Problem: Service exists but no endpoints. Can't access application.

Debugging:

  1. Checked service:

    kubectl get svc my-service
    # Service exists
  2. Checked endpoints:

    kubectl get endpoints my-service
    # Endpoints: <none>
  3. Checked selectors:

    kubectl get svc my-service -o yaml | grep selector
    # selector: app: my-app

    kubectl get pods --show-labels
    # Labels: app: myapplication # Mismatch!
  4. Fixed labels:

    # Updated pod labels to match service selector
    metadata:
    labels:
    app: my-app # Changed from myapplication
  5. Verified:

    kubectl get endpoints my-service
    # Endpoints now populated

Solution: Selector mismatch. Fixed labels. Service working.

Hands-On Exercise: Debug Service​

Create service with wrong selector:

apiVersion: v1
kind: Service
metadata:
name: test-service
spec:
selector:
app: wrong-label # Won't match pods
ports:
- port: 80
targetPort: 8080

Create pod with different label:

apiVersion: v1
kind: Pod
metadata:
name: test-pod
labels:
app: correct-label # Doesn't match service
spec:
containers:
- name: app
image: nginx:alpine
ports:
- containerPort: 80

Debug it:

  1. Check service: kubectl get svc test-service
  2. Check endpoints: kubectl get endpoints test-service
  3. Check selectors: Compare service selector with pod labels
  4. Fix the issue (match labels or selector)

This is how you learn. Break things. Fix them.

My Take: Service Troubleshooting​

Service issues used to confuse me. I'd see services but nothing worked.

Then I learned the systematic approach:

  1. Check endpoints - Are they populated?
  2. Check selectors - Do they match pod labels?
  3. Check ports - Are they correct?
  4. Check readiness - Are pods ready?
  5. Check network policies - Are they blocking?

Now I fix service issues in minutes, not hours.

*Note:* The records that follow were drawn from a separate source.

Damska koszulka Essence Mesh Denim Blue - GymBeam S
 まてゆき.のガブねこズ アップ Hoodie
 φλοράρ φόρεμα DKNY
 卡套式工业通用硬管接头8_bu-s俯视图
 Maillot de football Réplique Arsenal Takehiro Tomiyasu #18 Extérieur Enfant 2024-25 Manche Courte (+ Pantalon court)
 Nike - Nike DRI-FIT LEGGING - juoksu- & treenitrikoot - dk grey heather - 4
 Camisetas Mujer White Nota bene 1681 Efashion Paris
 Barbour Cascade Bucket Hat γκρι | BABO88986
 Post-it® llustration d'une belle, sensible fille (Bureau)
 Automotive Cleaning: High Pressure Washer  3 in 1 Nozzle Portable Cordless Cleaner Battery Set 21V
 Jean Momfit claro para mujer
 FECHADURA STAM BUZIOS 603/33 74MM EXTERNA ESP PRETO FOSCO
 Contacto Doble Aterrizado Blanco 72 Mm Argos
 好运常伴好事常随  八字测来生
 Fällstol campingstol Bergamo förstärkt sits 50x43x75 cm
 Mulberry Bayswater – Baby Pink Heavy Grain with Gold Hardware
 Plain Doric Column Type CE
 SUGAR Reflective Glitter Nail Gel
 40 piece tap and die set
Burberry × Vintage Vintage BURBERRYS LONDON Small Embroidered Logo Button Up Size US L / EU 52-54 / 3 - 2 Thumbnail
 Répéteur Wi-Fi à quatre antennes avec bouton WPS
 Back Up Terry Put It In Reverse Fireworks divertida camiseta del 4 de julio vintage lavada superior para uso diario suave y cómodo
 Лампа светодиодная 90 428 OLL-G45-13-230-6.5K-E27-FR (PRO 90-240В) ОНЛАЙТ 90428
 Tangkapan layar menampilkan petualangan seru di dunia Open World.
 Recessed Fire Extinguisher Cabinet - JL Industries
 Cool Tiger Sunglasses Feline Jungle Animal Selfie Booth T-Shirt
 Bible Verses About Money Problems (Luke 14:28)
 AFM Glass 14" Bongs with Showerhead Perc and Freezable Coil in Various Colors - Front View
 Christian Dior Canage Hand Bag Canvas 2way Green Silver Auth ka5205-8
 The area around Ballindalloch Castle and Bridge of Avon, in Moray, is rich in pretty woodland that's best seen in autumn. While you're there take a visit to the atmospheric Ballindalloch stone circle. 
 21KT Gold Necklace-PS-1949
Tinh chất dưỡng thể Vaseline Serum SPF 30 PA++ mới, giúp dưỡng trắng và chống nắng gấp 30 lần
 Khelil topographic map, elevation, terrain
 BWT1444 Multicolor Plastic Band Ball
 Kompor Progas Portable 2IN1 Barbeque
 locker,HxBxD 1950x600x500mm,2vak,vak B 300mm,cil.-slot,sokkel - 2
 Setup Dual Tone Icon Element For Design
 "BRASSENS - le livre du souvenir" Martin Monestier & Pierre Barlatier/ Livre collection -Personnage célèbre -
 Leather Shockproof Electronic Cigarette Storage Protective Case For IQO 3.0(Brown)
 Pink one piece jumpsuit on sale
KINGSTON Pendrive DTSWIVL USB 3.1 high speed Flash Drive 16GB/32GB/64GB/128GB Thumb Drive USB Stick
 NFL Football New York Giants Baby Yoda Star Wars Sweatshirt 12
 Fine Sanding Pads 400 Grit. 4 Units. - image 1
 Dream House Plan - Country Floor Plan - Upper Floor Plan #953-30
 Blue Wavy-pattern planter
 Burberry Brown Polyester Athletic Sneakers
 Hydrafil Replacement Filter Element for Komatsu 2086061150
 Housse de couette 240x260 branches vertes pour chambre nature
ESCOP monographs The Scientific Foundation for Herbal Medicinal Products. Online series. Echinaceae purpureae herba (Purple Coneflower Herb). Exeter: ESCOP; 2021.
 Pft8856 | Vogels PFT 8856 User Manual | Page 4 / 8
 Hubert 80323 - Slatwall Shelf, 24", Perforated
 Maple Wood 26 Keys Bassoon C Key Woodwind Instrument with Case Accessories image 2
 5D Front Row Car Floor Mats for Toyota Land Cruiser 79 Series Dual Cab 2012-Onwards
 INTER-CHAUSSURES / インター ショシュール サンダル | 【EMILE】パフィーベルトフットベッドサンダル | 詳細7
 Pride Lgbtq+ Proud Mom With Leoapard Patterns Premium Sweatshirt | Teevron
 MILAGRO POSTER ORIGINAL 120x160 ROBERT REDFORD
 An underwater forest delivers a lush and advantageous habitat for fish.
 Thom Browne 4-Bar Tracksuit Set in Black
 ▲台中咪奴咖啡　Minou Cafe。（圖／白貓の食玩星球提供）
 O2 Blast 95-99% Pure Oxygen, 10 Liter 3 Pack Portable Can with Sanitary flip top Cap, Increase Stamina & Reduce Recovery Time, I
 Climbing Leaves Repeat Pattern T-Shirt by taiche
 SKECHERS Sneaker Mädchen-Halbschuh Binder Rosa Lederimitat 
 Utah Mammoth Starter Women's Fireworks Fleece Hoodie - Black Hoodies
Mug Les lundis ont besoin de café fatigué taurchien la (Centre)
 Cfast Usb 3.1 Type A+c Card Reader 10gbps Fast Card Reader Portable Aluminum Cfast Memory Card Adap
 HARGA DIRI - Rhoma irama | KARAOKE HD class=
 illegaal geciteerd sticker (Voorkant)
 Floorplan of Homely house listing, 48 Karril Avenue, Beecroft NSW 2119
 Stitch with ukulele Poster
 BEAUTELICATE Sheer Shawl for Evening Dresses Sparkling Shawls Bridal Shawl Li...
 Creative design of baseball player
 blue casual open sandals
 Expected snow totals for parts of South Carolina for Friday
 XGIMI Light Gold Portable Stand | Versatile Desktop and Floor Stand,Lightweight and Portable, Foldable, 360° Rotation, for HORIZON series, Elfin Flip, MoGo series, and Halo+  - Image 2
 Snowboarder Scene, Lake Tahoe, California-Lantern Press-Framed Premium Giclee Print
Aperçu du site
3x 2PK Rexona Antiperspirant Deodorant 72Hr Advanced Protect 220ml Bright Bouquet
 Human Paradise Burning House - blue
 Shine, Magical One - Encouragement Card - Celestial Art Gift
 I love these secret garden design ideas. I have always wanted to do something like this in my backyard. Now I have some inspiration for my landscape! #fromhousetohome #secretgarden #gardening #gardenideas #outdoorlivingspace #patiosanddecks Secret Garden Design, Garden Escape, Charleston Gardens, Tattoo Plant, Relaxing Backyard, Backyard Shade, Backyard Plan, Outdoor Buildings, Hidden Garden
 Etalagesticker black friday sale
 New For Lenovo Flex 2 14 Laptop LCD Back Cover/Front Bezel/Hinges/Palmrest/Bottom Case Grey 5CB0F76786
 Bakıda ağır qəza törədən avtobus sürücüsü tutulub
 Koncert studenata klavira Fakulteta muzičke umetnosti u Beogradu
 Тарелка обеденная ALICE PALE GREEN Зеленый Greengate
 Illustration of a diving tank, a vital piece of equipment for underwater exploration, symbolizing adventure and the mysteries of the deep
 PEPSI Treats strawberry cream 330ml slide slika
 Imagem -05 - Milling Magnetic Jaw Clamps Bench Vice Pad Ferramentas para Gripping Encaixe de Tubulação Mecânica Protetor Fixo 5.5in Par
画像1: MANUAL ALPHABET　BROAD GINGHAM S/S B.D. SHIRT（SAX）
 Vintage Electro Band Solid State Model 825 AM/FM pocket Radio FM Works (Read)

Memory Tip: The Hotel Phone System Analogy​

Service issues are like hotel phone system:

  • Phones exist (Service exists)
  • Rooms exist (Pods exist)
  • Wrong room number (Selector mismatch)
  • Wrong extension (Port mismatch)
  • Phone off hook (Pod not ready)
  • Call blocked (Network policy)

Check each component. Find the mismatch.

Common Mistakes​

  1. Not checking endpoints: Empty endpoints = selector mismatch
  2. Port mismatch: Service port vs pod port
  3. Labels don't match: Selector vs pod labels
  4. Not checking readiness: Pods not ready
  5. Ignoring network policies: Policies might block

Key Takeaways​

  1. Check endpoints first - Empty = selector issue
  2. Verify selectors match labels - Must be exact
  3. Check ports - Service port vs pod port
  4. Check readiness - Pods must be ready
  5. Check network policies - Might be blocking

What's Next?​

Now that you understand service troubleshooting, let's tackle storage issues. Next: Storage Troubleshooting.


Remember: Service issues are usually selector mismatches or port issues. Check endpoints first. Verify selectors. Check ports. Fix the mismatch.